In the breast cancer study, he first searched the scientific literature for copy number variants already linked to breast cancer. He uncovered 25 alterations that had previously been reported as being associated with this breast cancer subtype. He then performed the DIGGIT analysis, comparing gene expression in breast cancer cells to that of normal breast tissue cells as controls. The algorithm identified 35 genes as drivers of BRCA breast cancer. Of the 25 genes previously identified in the literature, 19 (76%) appeared in the DIGGIT analysis, suggesting that the algorithm is highly capable of capturing driver mutations in other cancer types. It also revealed a number of never-before-seen genes that may warrant further investigation.
In the study of Alzheimer’s disease, DIGGIT identified 14 statistically significant variants that appear to drive the condition. Among these, the highest ranked was a variant in the gene TYROBP, which researchers at the Icahn School of Medicine at Mount Sinai independently predicted to be a driver of late-onset disease for the first time in 2013. DIGGIT also identified the APOE locus, a well-known variant associated with Alzheimer’s disease.
Looking at mutations through the lens of master regulators provides a mechanistic perspective on how these genes initiate disease.

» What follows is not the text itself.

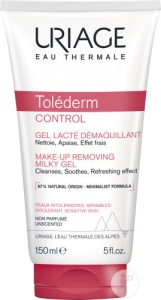 Uriage Toléderm Control Gel De Lapte Demachiant 150ml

Because DIGGIT identifies mutations within the context of genome-wide regulatory networks, Dr. Chen points out that it offers an important advantage over traditional gene association methods. “Not only does looking at CNVs through the lens of master regulators dramatically increase our ability to detect candidates even in highly heterogeneous populations,” he explains, “it also provides a direct mechanistic perspective on exactly how these genes initiate the disease. There are many instances in which the identification of a candidate gene via genome-wide association studies precedes elucidation of its mechanism by years. Even in our studies of breast cancer and Alzheimer’s disease, where the goal was simply to show that DIGGIT could identify candidates that are missed by more traditional methods, it provided the additional benefit of immediately identifying the key molecular regulators and pathways that the mutations likely work through to produce a disease.”

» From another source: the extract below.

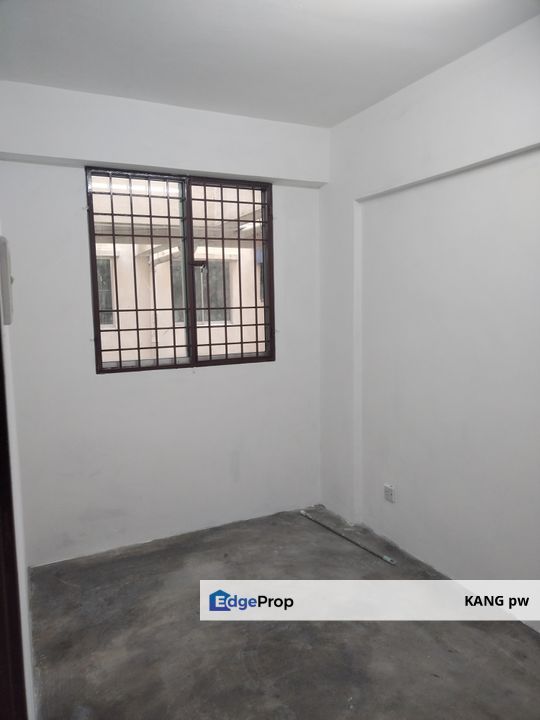 Flat Ground Floor Aras Bawah TAMAN BUKIT JURU, JURU, Penang, Juru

Now a joint postdoctoral scientist in the laboratories of Angela Christiano and Andrea Califano, Dr. Chen continues work to incorporate the algorithm into Bioconductor, a widely used bioinformatics platform. In the meantime, the Califano Lab has begun to incorporate DIGGIT into its pipeline for integrating genetics and genomics across all tumors, including 20 in the Cancer Genome Atlas.
— Chris Williams
Chen JC, Alvarez MJ, Talos F, Dhruv H, Rieckhof GE, Iyer A, Diefes KL, Aldape K, Berens M, Shen MM, Califano A. Identification of causal genetic drivers of human disease through systems-level analysis of regulatory networks. Cell. 2014 Oct 9;159(2):402-14.